Now, if it were to continue for, say, a month, then they'd start feeling it. Duration obviously has a major effect on impact of loss of services.

-- Mac (sneak@lurk.com), December 15, 1999.


Look for a sudden epidemic of GI-ness in SoCal. But it may be for naught. This will deplete the resevoirs which this line feeds with water from the Colorado River Aqueduct system.

The comments from the MWD spokesman is telling. They had a seven day supply of aqueduct-supplied water on-hand. If they stretch things they can make it ten days. But that was before this line break.

Now these folks are going to go into Y2K with EMPTY resevoirs. And even if the resevoirs were full, they would only last seven to ten days, not the thirty day reserve the system was originally built with. The thirty day figure shrank as the population grew but no additional resevoirs capacity was added.

Y2K-related power failures might cut-off the water flow from the Colorado and SoCal would have had some time to fix things before the situation gets critical. Now if they manage to get the pipe repaired, if the flow from the Colorado is cut the water crisis is immediately at hand.

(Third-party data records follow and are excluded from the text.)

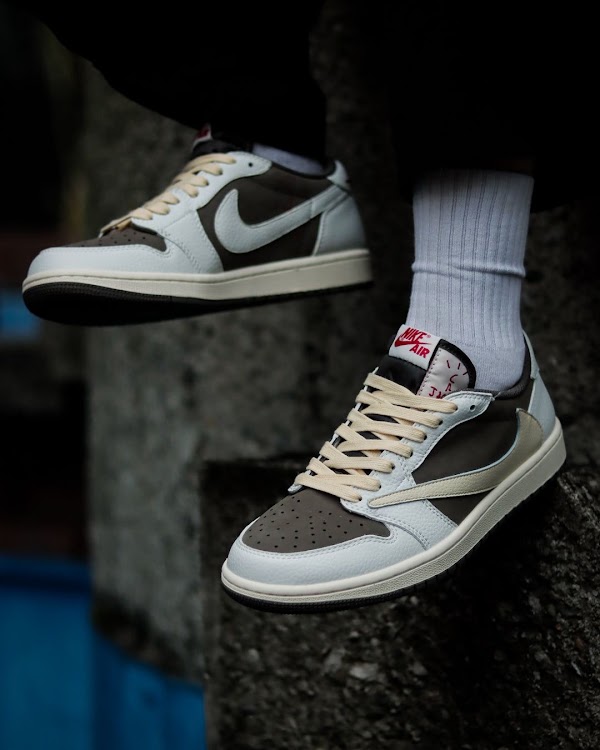 Jordan 1 Low Travis Scott Reverse Mocha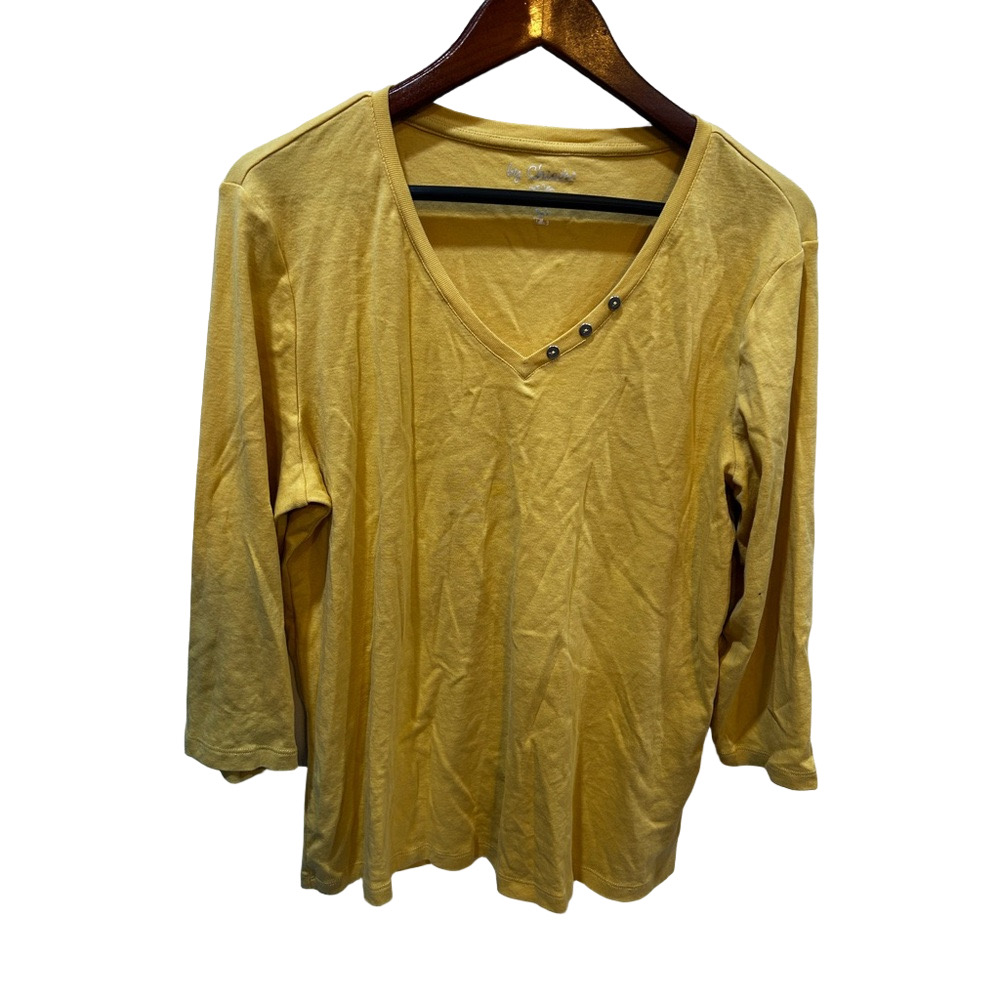 📸Chico's Mustard V-Neck Blouse with Button Detail size 3 GUC..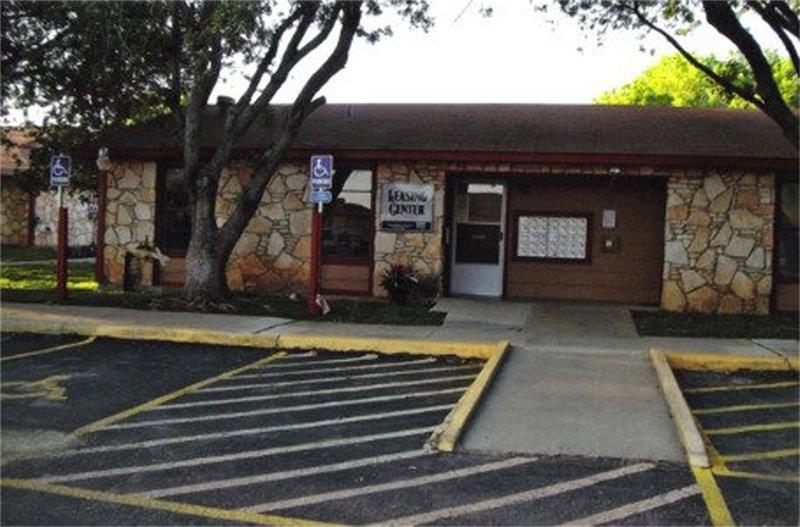 3100 Avenue Q, Hondo, TX 78861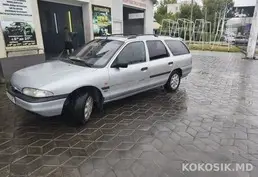 Ford Mondeo (1993 г., Универсал) — 1.6 Бензин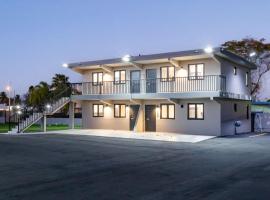 Fully Renovated Beachfront Family Building 1 8 Bedrooms 4 Baths Prime Dorado Location, hotel i Dorado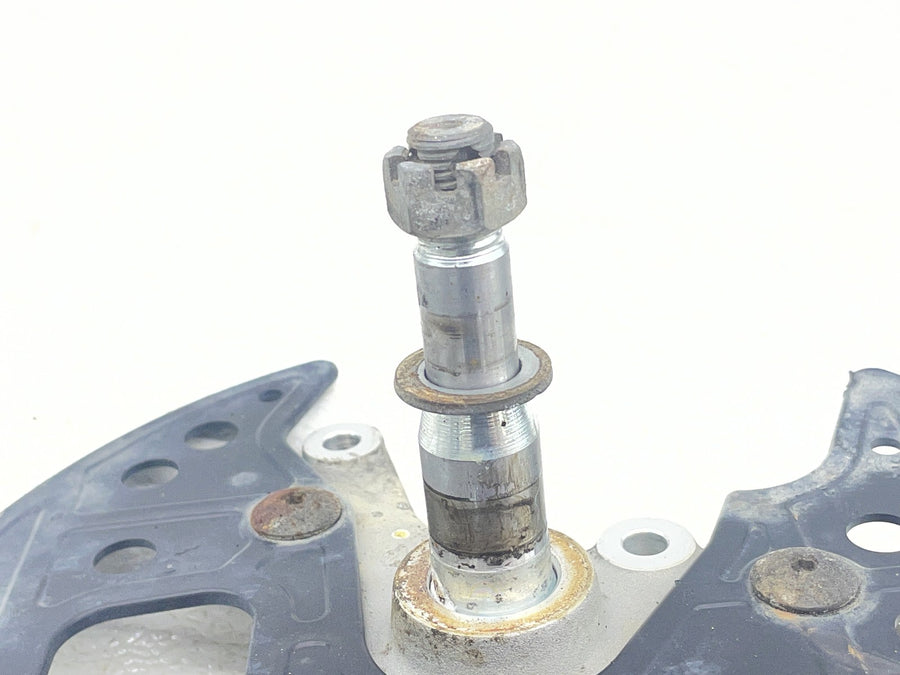 06-09 SUZUKI QUADRACER 450 LTR450 2X4 FRONT LEFT STEERING KNUCKLE SPINDLE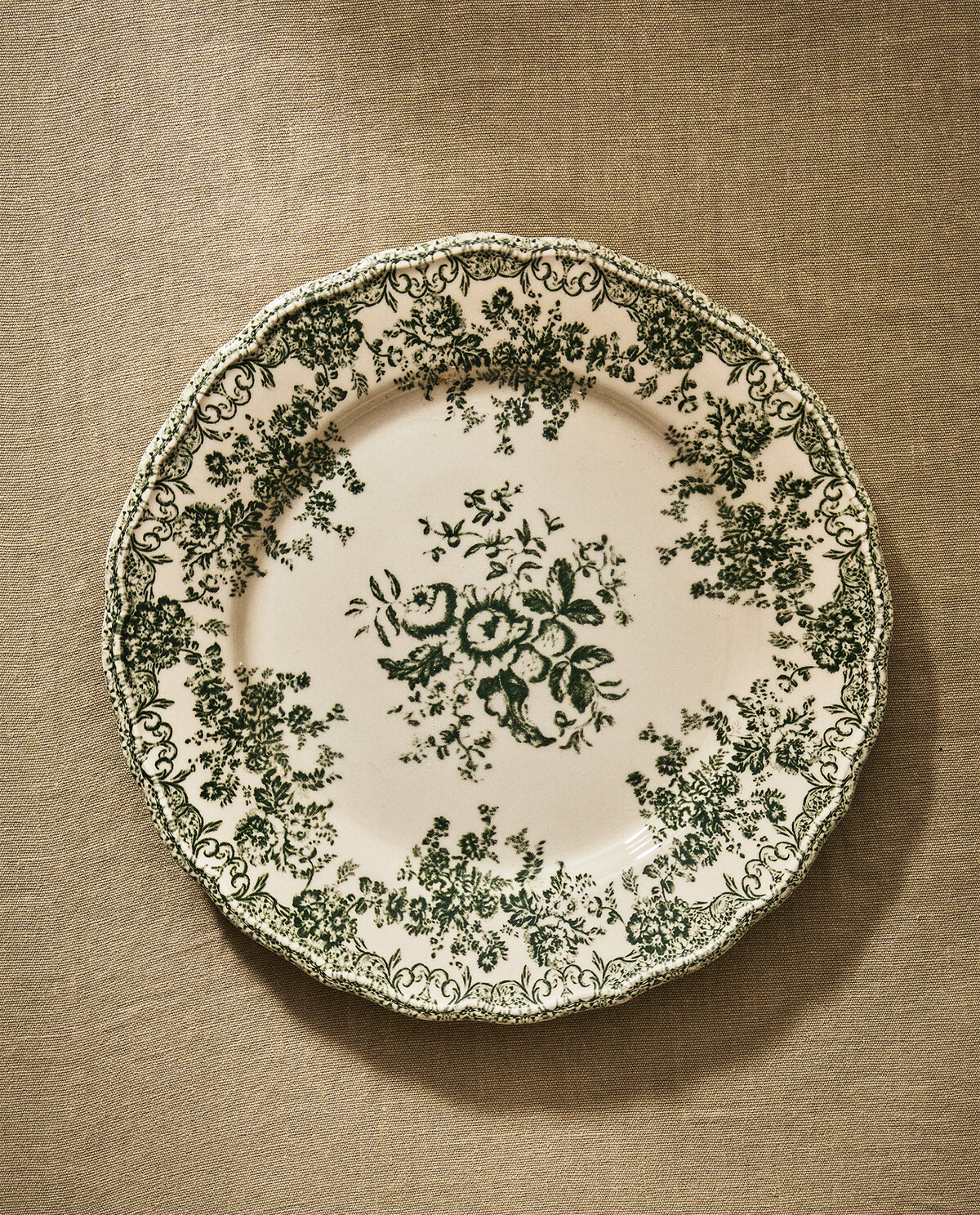 بشقاب شام سفالی طرح گلدار برند ZaraHome 3956967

What's scary is that there seems to be no possible work-around. The three aqueducts feeding SoCal, the Colorado River, the California and the Los Angeles DO NOT interconnect. There seems to be no way to lend support between service areas in events like this one.

I wonder how the SoCal PTB are going to handle this one? Y2K might see a real water war between service areas in a relatively short time.

IMHO, if I was still in SoCal these days I'd be packing my bags right now. And I'd be on my way to the Tehachapis this weekend.

WW

-- Wildweasel (vtmldm@epix.net), December 15, 1999.


Aw WW,

I was hopin' to get a better night's sleep tonight, dude.

{Thanks much for the report from the trenches the other day, be well}

-- flora (***@__._), December 15, 1999.


Weasel -

Thanks for the input, but no can do, bro. My very elderly granma can't be relo'd without endangering her health even more, so we're here for the duration. Not an easy decision, but life's like that sometimes.